« Qu’un nouveau pouvoir exécutif remette à plat un tel projet ne doit pas déclencher de réaction hostile», a d’emblée reconnu Philippe Marini, président de l’association Seine-Nord Europe et sénateur de l’Oise (UMP), à l’occasion d’un débat qui s’est tenu à Paris le 11 juillet à l’issue de l’assemblée générale de l’association. « Mais l’approche adoptée doit être réaliste. Il ne faut pas que ce soit un moyen de noyer le poisson pour ne pas le réaliser», a-t-il averti à l’endroit de son invité, le député PS Rémi Pauvros, chargé le 17 avril dernier par le ministre délégué chargé des Transports d’une mission de reconfiguration du projet de canal Seine-Nord Europe.
Deux constantes : un tracé inchangé et un gabarit européen
Sans préjuger de ses conclusions, qui doivent être remises en fin d’année après un pré-rapport attendu cet automne, Rémi Pauvros a toutefois souhaité répondre aux craintes exprimées par le président de l’association. « Je n’ai pas accepté cette mission pour procéder à un enterrement de première classe du canal », a-t-il indiqué. Comme pour montrer sa détermination à créer les conditions d’un arbitrage favorable du gouvernement, il a précisé son état d’esprit :
- Pas question de rouvrir la Déclaration d’utilité publique (DUP), par exemple en changeant le tracé, « sinon notre génération ne verra pas ce canal fonctionner ».
- Pas question de ne pas le faire au gabarit européen, « sinon on passe à côté de l’objectif fixé ».
- Pas question non plus d’opposer ce projet d’envergure nationale à d’autres. Dans la mesure où le projet lui-même et son financement ne sont pas calés, il a été volontairement écarté – tout comme la ligne ferroviaire Lyon-Turin – du périmètre d’étude de la commission Mobilité 21.
En revanche, il s’agit bien pour lui d’adapter le projet pour trouver des économies substantielles, sans toutefois remettre en cause sa vocation. « Des avenants à la DUP sont envisageables. Son objectif et son phasage doivent avant tout être clairement définis », a-t-il indiqué. Le député-maire de Maubeuge a par exemple laissé entendre que les plateformes pourraient ne pas être traitées de la même façon sur tout le parcours. « Elles devront en tous cas être pilotées par leurs utilisateurs », a-t-il lancé.
Large consensus et nouveau portage financier à trouver
« C’est l’intérêt économique du projet qui emportera la décision, j’en suis persuadé. C’est pourquoi il faut parvenir à un consensus sur la totalité du réseau évidemment, mais aussi jusqu’à Rouen, au Havre et à Paris, qui doivent être davantage impliqués. Il faut faire tomber les réticences et que chacun y trouve un intérêt. Je ne suis donc pas choqué que le Havre exige des investissements d’adaptation du port pour s’y préparer. »
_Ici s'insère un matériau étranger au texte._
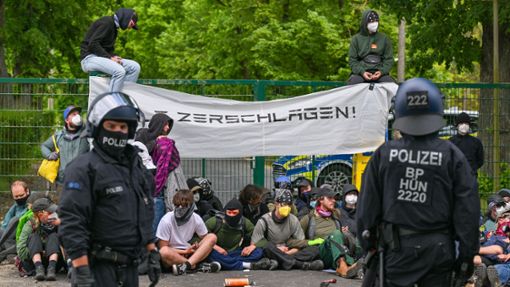Auf einem Flugplatz in Neuhardenberg schafften es Demonstranten auf das Gelände. Foto: Patrick Pleul/dpa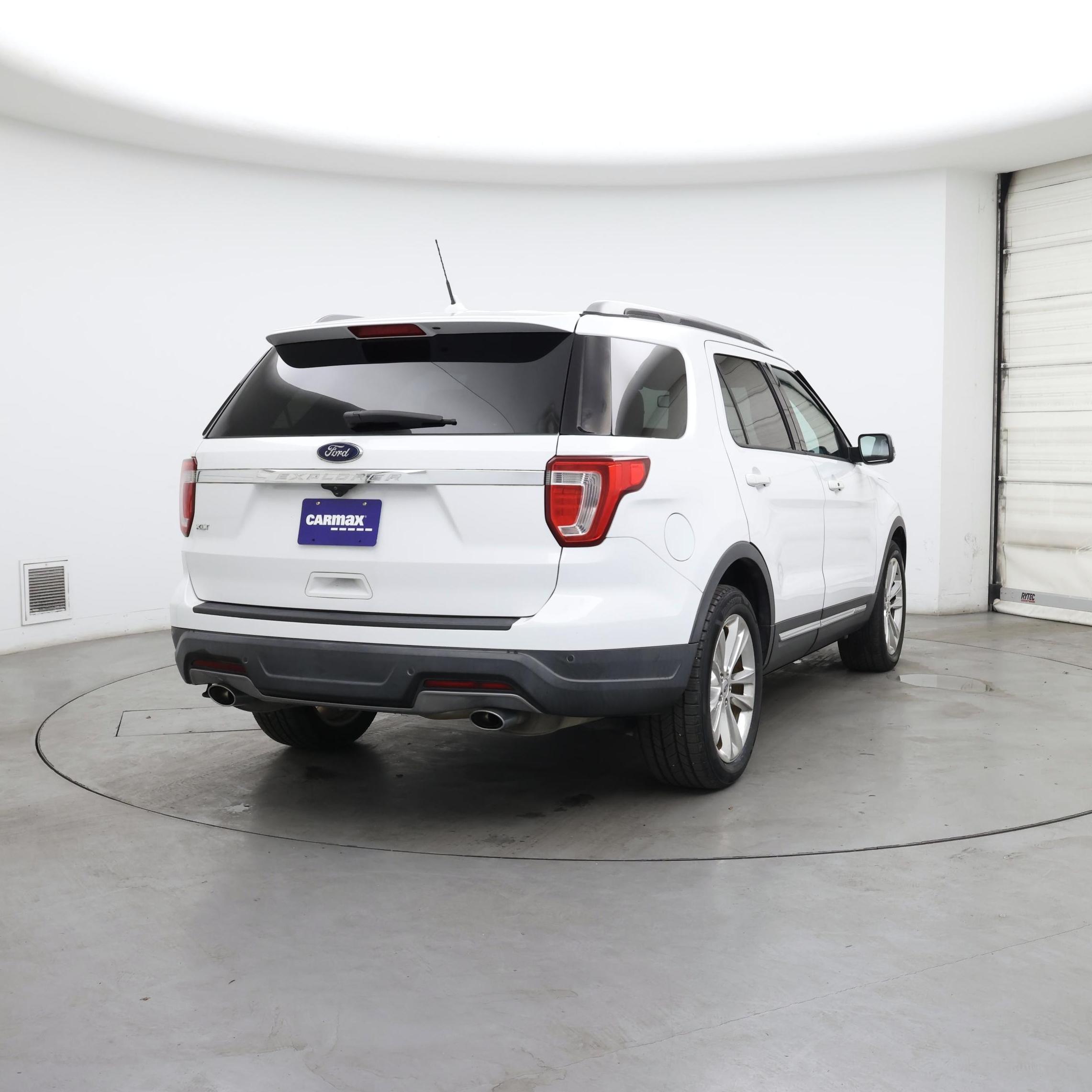 Thumbnail: 2019 Ford Explorer - 8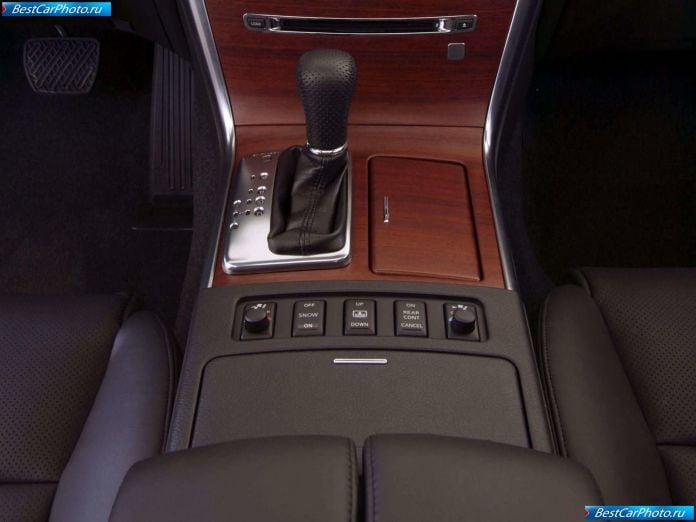 2006 Infiniti M35x - фотография 23 из 27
Le député a également reconnu que sa nouvelle copie devrait préparer un portage financier différent. « Le partenariat public-privé est derrière nous. Mais l’Etat ne pourra pas le financer seul », a-t-il concédé. Une façon de dire qu’il faut profiter des taux d’intérêt très bas et du soutien des institutions européennes, qui pourrait passer de 300 millions à 1,5 milliard d’euros.
Une condition toutefois: « Cet investissement d’avenir par nature ne doit pas rater une fenêtre de tir unique : présenter le dossier à la Commission européenne au premier semestre 2014 ! », a rappelé le président de l’association Seine Nord Europe, Philippe Marini.